Former Bank of Japan governor Haruhiko Kuroda said on Wednesday he saw little likelihood that the yen would weaken past the 160-per-dollar mark, because authorities appeared to be defending that level through currency intervention. Kuroda said he considered a dollar/yen rate in the 120-130 range to be closer to an equilibrium determined by Japan's economic fundamentals.
The dollar was trading around 157.80 yen on Wednesday.
Kuroda identified two principal factors behind the yen's recent downtrend. First was the rising cost of importing oil, a trend he traced to the effects of the Ukraine war. Second was the interest rate gap between Japan and the United States. Both forces, he said, placed downward pressure on the currency even as authorities took steps to resist further depreciation.
Speaking from his perspective as someone who previously oversaw Japan's exchange-rate policy as the nation's top currency diplomat before assuming the central bank's governorship, Kuroda also commented on the broader domestic economy. He described Japan as being in "extremely good shape," saying inflation had moved around the central bank's 2% target and attributing much of that inflation to solid wage gains.

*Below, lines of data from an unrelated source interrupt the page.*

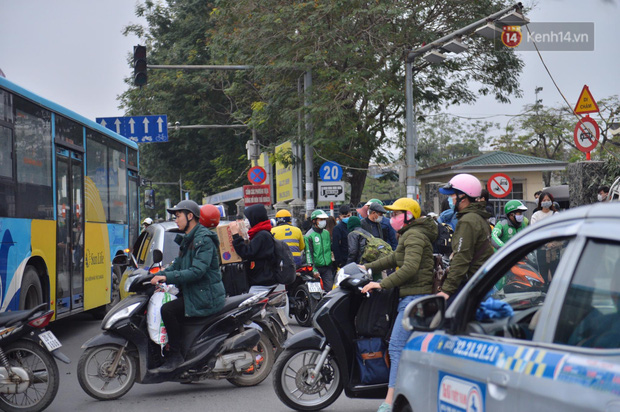  Chùm ảnh: Cửa ngõ Hà Nội ùn tắc kinh hoàng, các bến xe chật cứng người dân quay trở lại sau kỳ nghỉ Tết dương lịch  - Ảnh 32.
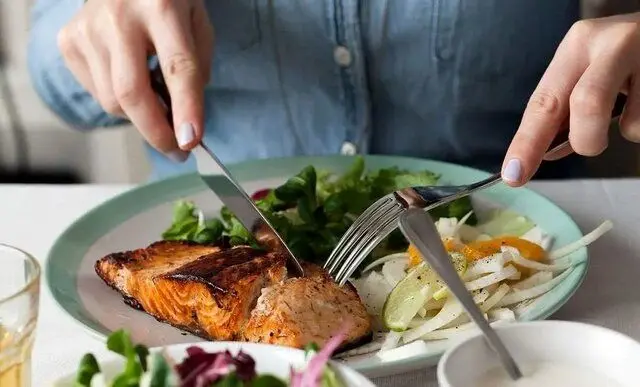آیا نخوردن یا کم کردن شام برای سلامتی مفید است؟ 8 آیا نخوردن یا کم کردن شام برای سلامتی مفید است؟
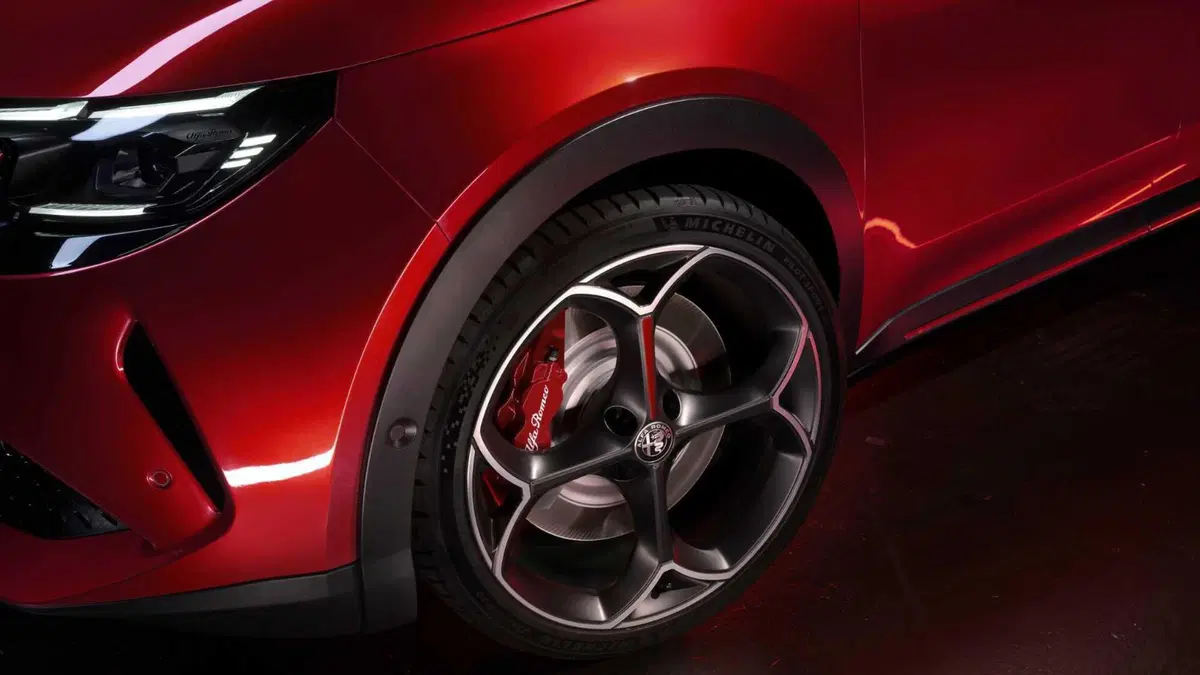 Alfa Romeo Junior 1.2 ibrida 145cv edct6 (16)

Addressing bond yields, Kuroda said that with the central bank gradually increasing its policy rate and inflation running around 2-3%, it was natural for the 10-year Japanese government bond yield to reach current levels near 2.58%.
The remarks recalled Kuroda's decade-long tenure as BOJ governor, which lasted until 2023, during which he implemented a large stimulus program aimed at ending prolonged deflation and stagnation. His successor, Kazuo Ueda, has overseen an exit from the ultra-loose policy stance in 2024.
Summary
Haruhiko Kuroda said the yen was unlikely to decline beyond 160 per dollar as authorities seemed to be defending that level. He argued that a dollar/yen rate around 120-130 better reflects Japan's fundamentals, pointed to higher oil import costs since the Ukraine war and U.S.-Japan interest rate divergence as key drivers of the yen's weakness, and described domestic inflation and wage gains as supporting a gradual rise in the 10-year JGB yield to about 2.58% as policy rates climb.
Key points
- Kuroda sees 120-130 dollar/yen as an equilibrium that aligns with Japan's fundamentals; authorities appear to be defending the 160 level - impacts currency markets and exporters/importers.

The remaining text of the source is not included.